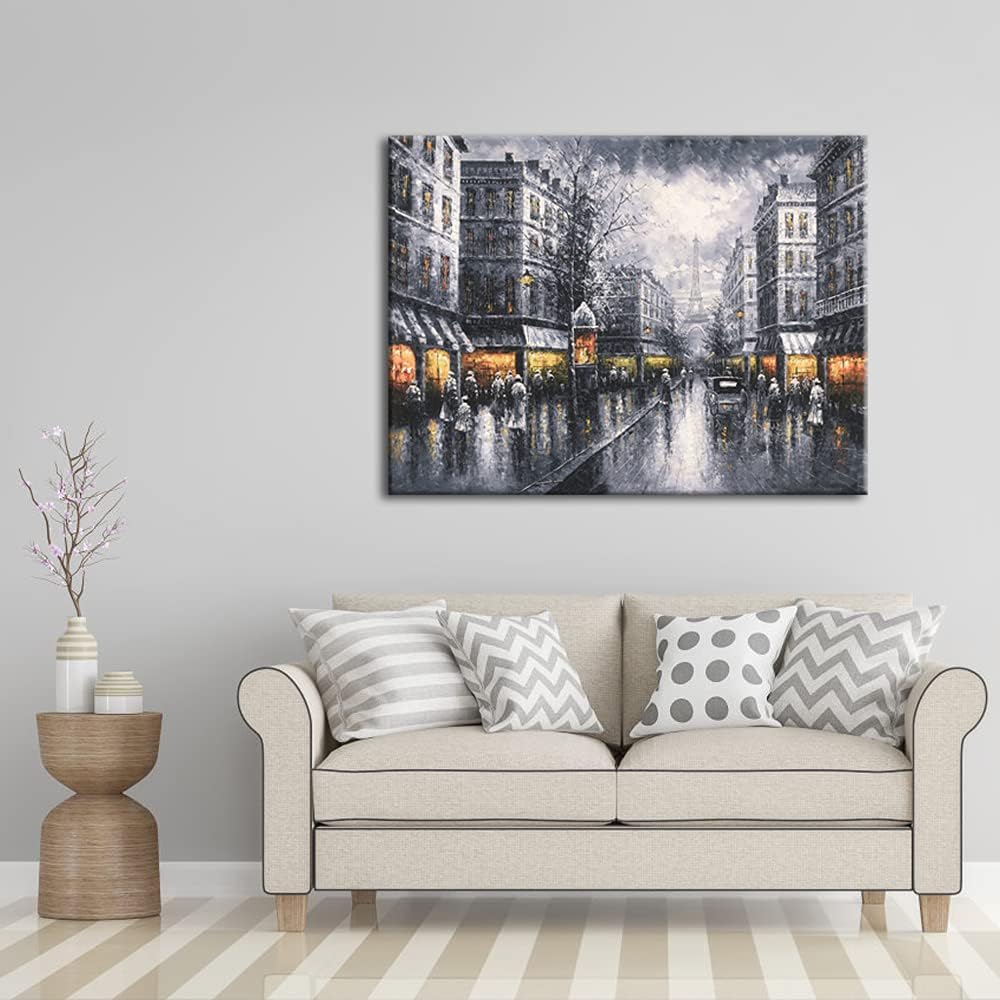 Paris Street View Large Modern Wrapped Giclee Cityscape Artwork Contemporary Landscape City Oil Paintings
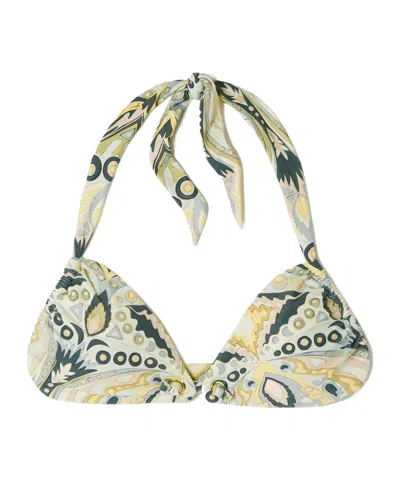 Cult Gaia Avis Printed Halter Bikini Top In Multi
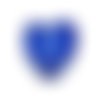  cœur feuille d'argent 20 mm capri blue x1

* * *

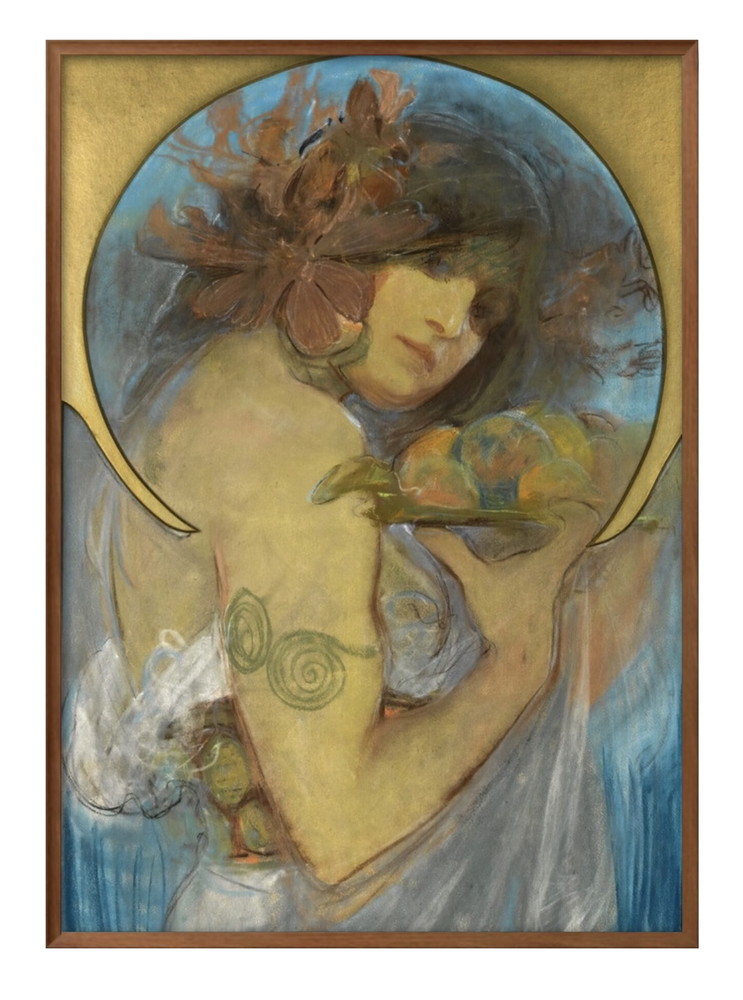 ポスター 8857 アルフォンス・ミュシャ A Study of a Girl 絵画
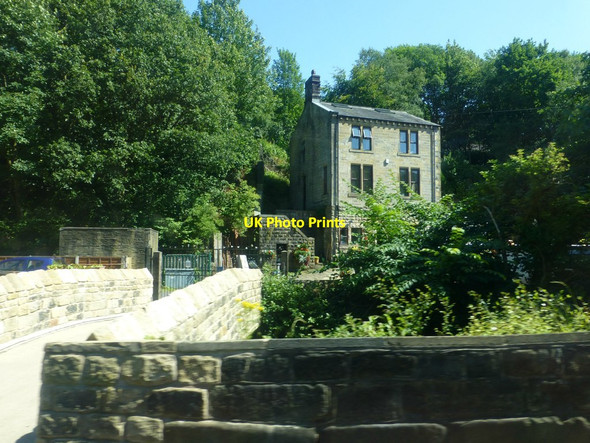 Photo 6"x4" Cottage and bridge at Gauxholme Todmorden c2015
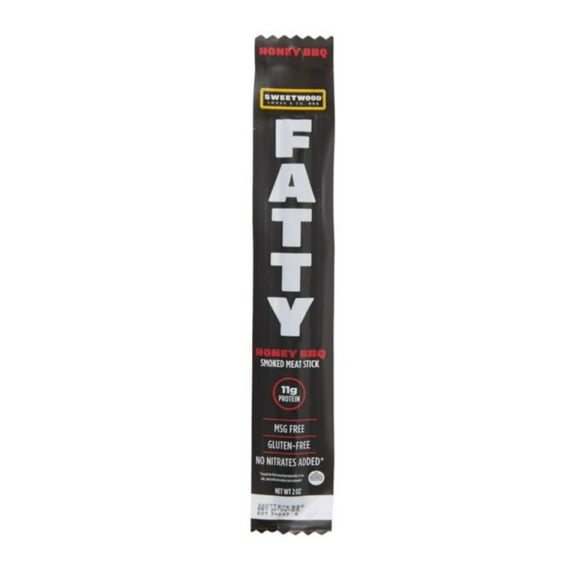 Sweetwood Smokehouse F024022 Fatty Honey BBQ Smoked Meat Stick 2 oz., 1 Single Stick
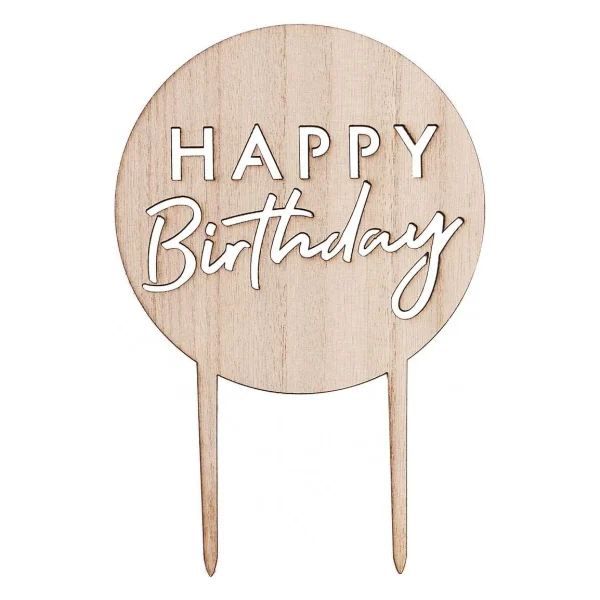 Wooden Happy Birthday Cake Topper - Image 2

- YOUR ASSIGNMENT
Your reply is to be an exact repeat of the listing above from the line holding "Paris Street View" down to the line holding "cœur feuille d'argent 20 mm capri blue x1", ends included, pictures excluded.

- COMPLETED TASK
 Paris Street View Large Modern Wrapped Giclee Cityscape Artwork Contemporary Landscape City Oil Paintings
 Cult Gaia Avis Printed Halter Bikini Top In Multi
  cœur feuille d'argent 20 mm capri blue x1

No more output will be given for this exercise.